10 Exploratory Tasks

We have explored the aspects of creating a data product in Agile data science workflow. The second part, the exploratory part, does not need so much attention, because by definition you can do what you like in here. One aspect deserves some consideration.

10.1 (Un)Reproducible Research

In the chapter on versioning it was advocated that you should not keep old code lingering as you move on. Rather use version control systems to keep track of the changes you are making to the product. Research tasks are explored in vignettes, these are kept around as the project goes along. It is likely that in research reports code from the software product and data from the pipeline is used. These are readily available, enabling quick exploration of hypotheses. However, as you move to next versions, the software product and the data will be updated. This means that the reproducibility of almost all research reports will be lost at some point.

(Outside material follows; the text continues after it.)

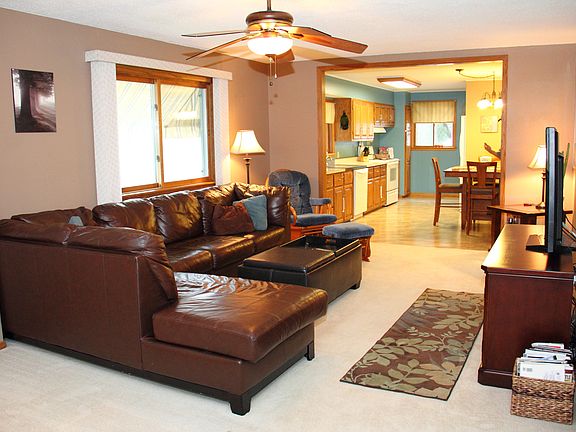 Living Room/Kitchen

It is up to you and the characteristics of the project if this is considered a problem. If you want to keep all reports to be reproducible at any time, there is a considerable amount of extra work to the research tasks. Data has to be stored separately and the source code used should be frozen somewhere outside the \R folder. I prefer to accept that the reports will get out of sync with the data and the source code. The conclusions are what matter most, and the code is always around to check if they were derived properly, even if it can no longer be run. If you really have to rerun the research report to verify results, you can always checkout the commit of the report and rerun the pipeline. The source code and state of the data at that “time point” are then available. I tend to number my research scripts to the version of the data product of that moment. This will make it easy to understand the context in which the research was done at a later time point.